As an environmental contaminant, removal of vanadium from leachates may be an obligation for long-term management requirements of steel slag landfills. Vanadium removal coupled with the recovery can potentially be used to offset long-term legacy treatment costs.
The maximum adsorption capacity was 27 mg of vanadium per gram of resin. In the column tests, the concentration in the effluent was only 14% of the initial concentration after passing 90 L of steel slag leachate. We could recover 57–72% of vanadium from the resin. Trials on the reuse of the anion exchange resin showed that it could be reused 20 times without loss of efficacy, and on average 69% of vanadium was recovered during regeneration.
Our team has now available a Ph.D. opportunity at the University of Leeds on “Long-term management of leachates produced from highly alkaline bauxite residues” with Dr Ian Burke (SEE), Prof Doug Stewart (Civil Eng), Dr Will Mayes (Hull) and Amiel Boullemant (Rio Tinto Legacy Management).
- Investigate the fate and mobility of soluble metals (Al, As, Mo. V) in relevant leachate management systems (e.g. neutralisation, re-circulation) using a combination of on-site measurement and laboratory experimentation (with synchrotron and electron microscopy based characterisation of metal(loid) speciation in the solid phases produced).
- Determine the effectiveness of residue treatments (e.g. in situ neutralisation, carbonation reactions) for controlling trace metal(loid) leaching and their long-term role in promoting residue stability and rehabilitation/ revegetation prospects.
- Investigate the fate of released oxyanions (chiefly V) in natural environments receiving treated leachates in order to understand the role of interactions with soil minerals and organic matter in controlling metal(loid) mobility and risk.
Project partner(s): Rio Tinto Legacy Management
Contact email: firstname.lastname@example.org
You can find detailed information here.
Out team just published a new paper on vanadium recovery from red mud leachates using ion exchange resins.

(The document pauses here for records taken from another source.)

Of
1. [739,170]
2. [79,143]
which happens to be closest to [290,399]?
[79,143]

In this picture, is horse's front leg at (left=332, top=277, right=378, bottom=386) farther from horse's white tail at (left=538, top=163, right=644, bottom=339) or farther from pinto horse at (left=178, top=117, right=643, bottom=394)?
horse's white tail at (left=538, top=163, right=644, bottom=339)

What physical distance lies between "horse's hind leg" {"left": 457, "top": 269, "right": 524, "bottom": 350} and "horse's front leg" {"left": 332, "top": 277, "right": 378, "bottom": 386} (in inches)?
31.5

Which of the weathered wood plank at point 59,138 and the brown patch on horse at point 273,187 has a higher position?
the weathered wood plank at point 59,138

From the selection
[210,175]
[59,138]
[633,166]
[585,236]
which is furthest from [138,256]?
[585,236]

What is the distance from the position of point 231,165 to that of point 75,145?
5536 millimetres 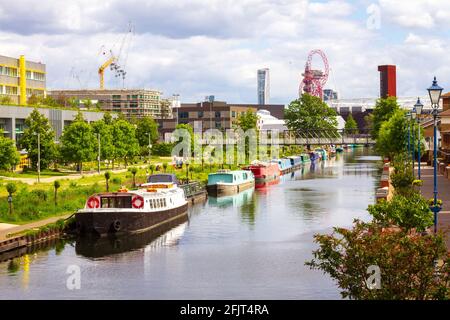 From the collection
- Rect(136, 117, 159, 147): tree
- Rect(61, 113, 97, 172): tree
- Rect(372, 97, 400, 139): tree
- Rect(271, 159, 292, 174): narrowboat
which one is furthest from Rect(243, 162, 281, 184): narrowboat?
Rect(372, 97, 400, 139): tree

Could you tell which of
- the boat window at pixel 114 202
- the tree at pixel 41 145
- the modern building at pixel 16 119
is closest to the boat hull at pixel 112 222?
the boat window at pixel 114 202

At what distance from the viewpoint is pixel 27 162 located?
115 meters

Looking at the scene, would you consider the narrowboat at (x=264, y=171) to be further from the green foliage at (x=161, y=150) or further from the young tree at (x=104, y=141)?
the green foliage at (x=161, y=150)

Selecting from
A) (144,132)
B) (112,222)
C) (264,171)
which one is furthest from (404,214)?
(144,132)

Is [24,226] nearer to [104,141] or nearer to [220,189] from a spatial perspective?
[220,189]

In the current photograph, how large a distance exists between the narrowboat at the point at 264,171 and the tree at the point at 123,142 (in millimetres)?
20012

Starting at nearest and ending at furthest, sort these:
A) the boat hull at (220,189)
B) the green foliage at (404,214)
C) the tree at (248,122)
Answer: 1. the green foliage at (404,214)
2. the boat hull at (220,189)
3. the tree at (248,122)

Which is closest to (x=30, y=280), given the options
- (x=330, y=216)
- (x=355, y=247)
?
(x=355, y=247)

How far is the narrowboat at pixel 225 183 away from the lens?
103m

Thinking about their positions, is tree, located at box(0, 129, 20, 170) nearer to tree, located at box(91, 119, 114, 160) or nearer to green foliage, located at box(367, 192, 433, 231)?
tree, located at box(91, 119, 114, 160)

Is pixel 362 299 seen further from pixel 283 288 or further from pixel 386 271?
pixel 283 288

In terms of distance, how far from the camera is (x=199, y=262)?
166 feet

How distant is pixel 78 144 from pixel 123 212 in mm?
51652

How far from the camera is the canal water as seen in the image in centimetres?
4216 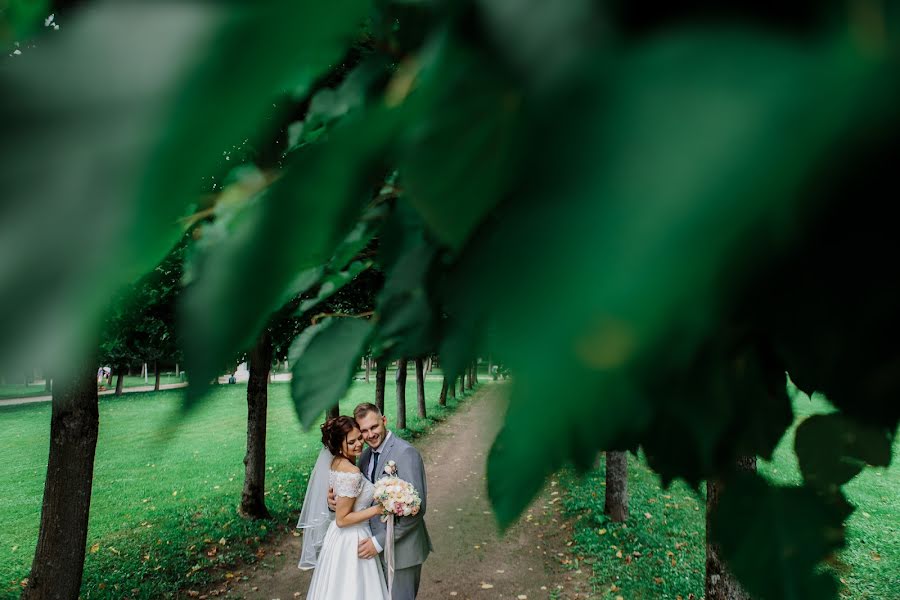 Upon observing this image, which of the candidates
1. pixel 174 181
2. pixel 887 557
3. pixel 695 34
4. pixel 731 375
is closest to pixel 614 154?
pixel 695 34

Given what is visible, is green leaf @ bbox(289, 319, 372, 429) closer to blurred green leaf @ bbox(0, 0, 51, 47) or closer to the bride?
blurred green leaf @ bbox(0, 0, 51, 47)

The paper is available on open access here.
Bauxite residue or red mud is an important by-product of the alumina industry, and current management practices do not allow their full valorisation, especially with regard to the recovery of critical metals, like vanadium.

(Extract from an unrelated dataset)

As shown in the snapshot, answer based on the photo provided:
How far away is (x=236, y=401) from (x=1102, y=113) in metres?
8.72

This paper focus on vanadium removal and recovery from the leachates, with emphasis on the environmental remediation of bauxite residue disposal areas or closed legacy sites where vanadium is both a contaminant and a metal with economic interest present in the effluent.

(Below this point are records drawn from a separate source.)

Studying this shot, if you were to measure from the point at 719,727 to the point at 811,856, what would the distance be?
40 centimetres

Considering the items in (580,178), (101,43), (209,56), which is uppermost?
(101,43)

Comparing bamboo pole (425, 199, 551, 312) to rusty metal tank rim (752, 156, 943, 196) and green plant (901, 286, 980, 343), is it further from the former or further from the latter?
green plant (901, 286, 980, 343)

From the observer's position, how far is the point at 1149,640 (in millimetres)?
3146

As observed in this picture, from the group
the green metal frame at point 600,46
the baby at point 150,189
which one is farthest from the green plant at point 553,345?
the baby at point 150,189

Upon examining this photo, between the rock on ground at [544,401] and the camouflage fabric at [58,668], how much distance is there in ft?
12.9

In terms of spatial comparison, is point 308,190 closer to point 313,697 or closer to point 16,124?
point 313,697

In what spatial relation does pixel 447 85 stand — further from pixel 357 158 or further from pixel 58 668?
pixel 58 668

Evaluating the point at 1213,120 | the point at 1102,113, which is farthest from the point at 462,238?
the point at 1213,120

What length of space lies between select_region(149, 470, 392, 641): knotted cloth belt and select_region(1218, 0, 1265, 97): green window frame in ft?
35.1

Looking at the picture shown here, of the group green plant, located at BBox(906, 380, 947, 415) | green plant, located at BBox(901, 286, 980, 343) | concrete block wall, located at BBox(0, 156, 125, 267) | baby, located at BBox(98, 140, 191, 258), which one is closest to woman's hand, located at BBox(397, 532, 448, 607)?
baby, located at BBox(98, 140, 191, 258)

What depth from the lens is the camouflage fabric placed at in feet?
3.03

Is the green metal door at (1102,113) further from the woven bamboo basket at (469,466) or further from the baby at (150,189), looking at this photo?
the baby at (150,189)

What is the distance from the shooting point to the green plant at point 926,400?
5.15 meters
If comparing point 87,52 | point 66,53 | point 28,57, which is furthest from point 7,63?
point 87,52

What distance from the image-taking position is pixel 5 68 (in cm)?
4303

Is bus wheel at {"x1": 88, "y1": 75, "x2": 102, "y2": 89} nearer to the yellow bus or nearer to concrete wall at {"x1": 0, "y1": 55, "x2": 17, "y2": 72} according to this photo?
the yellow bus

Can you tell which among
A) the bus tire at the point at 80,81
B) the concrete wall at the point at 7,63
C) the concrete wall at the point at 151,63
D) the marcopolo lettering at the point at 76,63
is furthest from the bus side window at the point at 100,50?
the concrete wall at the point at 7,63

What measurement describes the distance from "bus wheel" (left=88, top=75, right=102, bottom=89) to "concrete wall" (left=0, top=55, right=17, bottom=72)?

As an environmental pollutant, removal of vanadium from leachates may be an obligation of bauxite residue disposal areas (BRDA) long-term management requirements. Vanadium removal from the leachate can be coupled with the recovery, and potentially can be used to offset long-term legacy treatment costs in legacy sites.
This study has shown that anion exchange resins can be used for metal removal and recovery from bauxite residue leachates in a highly alkaline pH range (up to 13).
The results showed that using simulated undiluted bauxite residue leachate as feed solution limited the resin efficacy, due to the presence of competing ions. However, the resins are very effective at V removal for simulated post-closure bauxite residue disposal areas (BRDA) effluent.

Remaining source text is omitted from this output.